インテルではチックタックな開発サイクルを繰り返し、CPUを開発してきました。マイクロアーキテクチャーを新しいものにする、プロセスルールを微細化する、マイクロアーキテクチャーを新しいものにする、プロセスルールを微細化する、以上のように繰り返してきました。
チックタックの終焉
Process、Architecture、Optimization
インテルではチックタックを続けてきましたが、プロセスルールの微細化が技術的に難しくなり、マイクロアーキテクチャーの改良を開発サイクルに加えました。これを最適化、英語ではOptimizationと呼びます。従来のチックをProcess、従来のタックをArchitectureと呼びます。開発サイクルがチックタックからProcess、Architecture、Optimizationになりました。チックタックタック
Optimizationの後はProcessになる予定でしたが、プロセスルールの微細化が技術的に難しい状況が続き、Optimizationの後、またOptimizationが続くようになりました。Optimizationの後、Architectureが続く場合もありました。OptimizationなのかArchitectureなのか、すなわちマイクロアーキテクチャーの改良なのか刷新なのか曖昧な場合もありました。そこでプロセスルールの微細化をチックとし、マイクロアーキテクチャーの改良に刷新も含めてマイクロアーキテクチャーの改良をタックとし、チックタックタックと呼ぶ場合があります。用語ではタックが2回ですが、タックが2回とは限りません。プロセスルールの微細化の後、マイクロアーキテクチャーの改良が不定な回数ある開発サイクルという意味です。
チックタックタックの流れ一覧
下記は、各マイクロアーキテクチャーを新しい順に並べ、チックに該当するかタックに該当するかまとめた表です。Nehalemより古いマイクロアーキテクチャーは未掲載です。発売年 | マイクロアーキテクチャ | プロセスルール | チック/タック |
---|---|---|---|
2021年 | Golden Cove | Intel 7 | タック |
2021年 | Cypress Cove | 14nm++++ | タック |
2021年 | Comet Lake Refresh | 14nm+++ | タック |
2020年 | Willow Cove | 10nm SuperFin | タック |
2019年 | Sunny Cove | 10nm | チック |
2019年 | Comet Lake | 14nm+++ | タック |
2019年 | Cascade Lake | 14nm++ | タック |
2018年 | Palm Cove | 10nm | チック |
2018年 | Amber Lake | 14nm+ | タック |
2018年 | Whiskey Lake | 14nm++ | タック |
2018年 | Coffee Lake Refresh | 14nm++ | タック |
2017年 | Coffee Lake | 14nm++ | タック |
2017年 | Kaby Lake Refresh | 14nm+ | タック |
2016年 | Kaby Lake | 14nm+ | タック |
2015年 | Skylake | 14nm | タック |
2014年 | Broadwell | 14nm | チック |
2013年 | Haswell | 22nm | タック |
2012年 | Ivy Bridge | 22nm | チック |
2011年 | Sandy Bridge | 32nm | タック |
2010年 | Westmere | 32nm | チック |
2008年 | Nehalem | 45nm | タック |
Skylakeまではチックタックでしたが、Kaby LakeではOptimizationになりチックタックが終焉しました。ArchitectureとOptimizationをまとめてタックとしていますが、タックが続いてきたとわかります。
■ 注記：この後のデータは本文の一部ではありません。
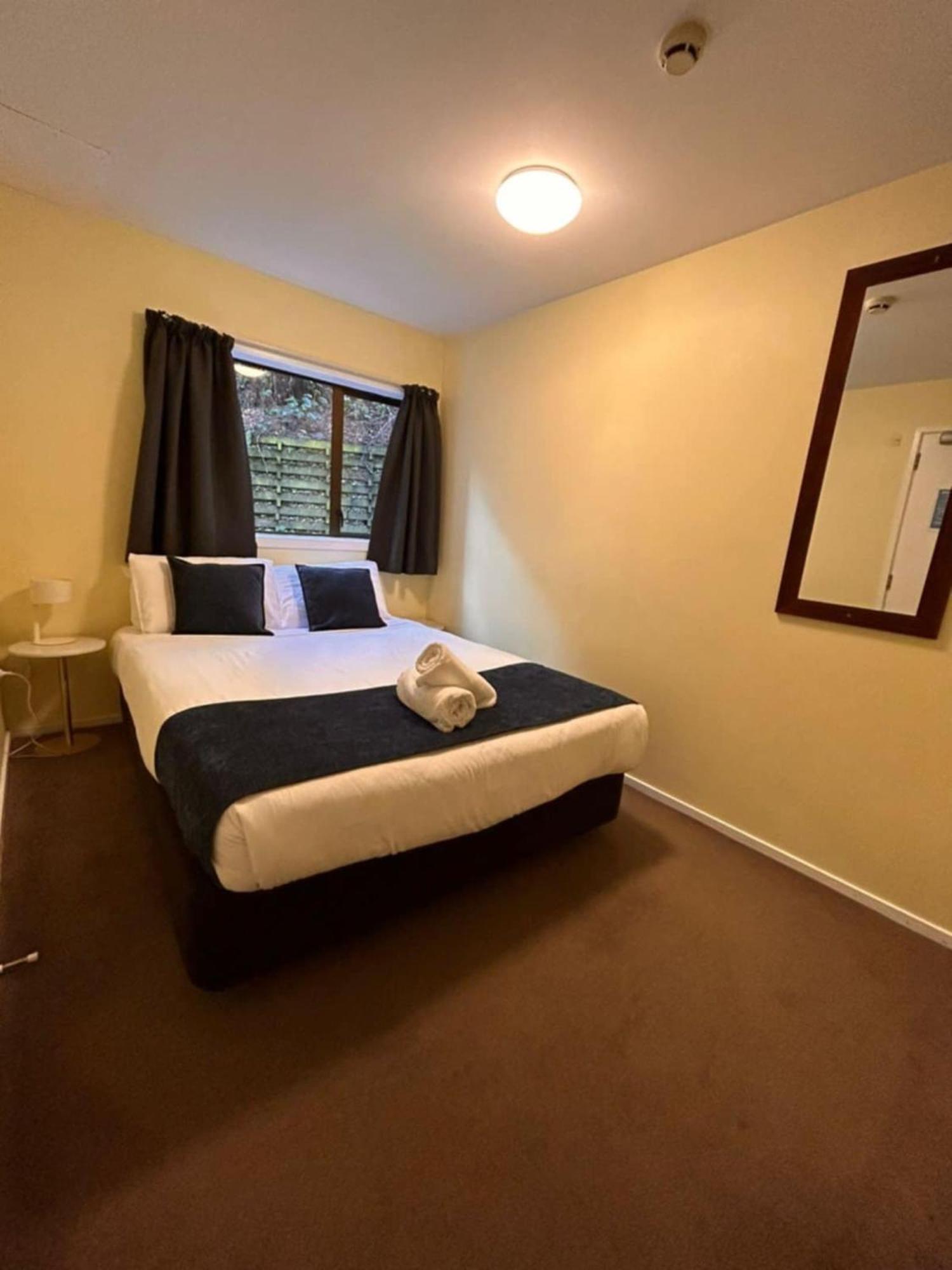 Aspen Lodge Backpackers Queenstown Extérieur photo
Palm CoveとSunny Coveをチックとしましたが、厳密にはPalm Coveが10nm、Sunny Coveが10nm+なのでSunny Coveはタックです。Palm Coveの製品はCore i3-8121Uのみだったせいか、インテルではPalm CoveはなかったようにしてSunny Coveも10nmとしています。これに合わせてSunny Coveを10nmとしているのでチックです。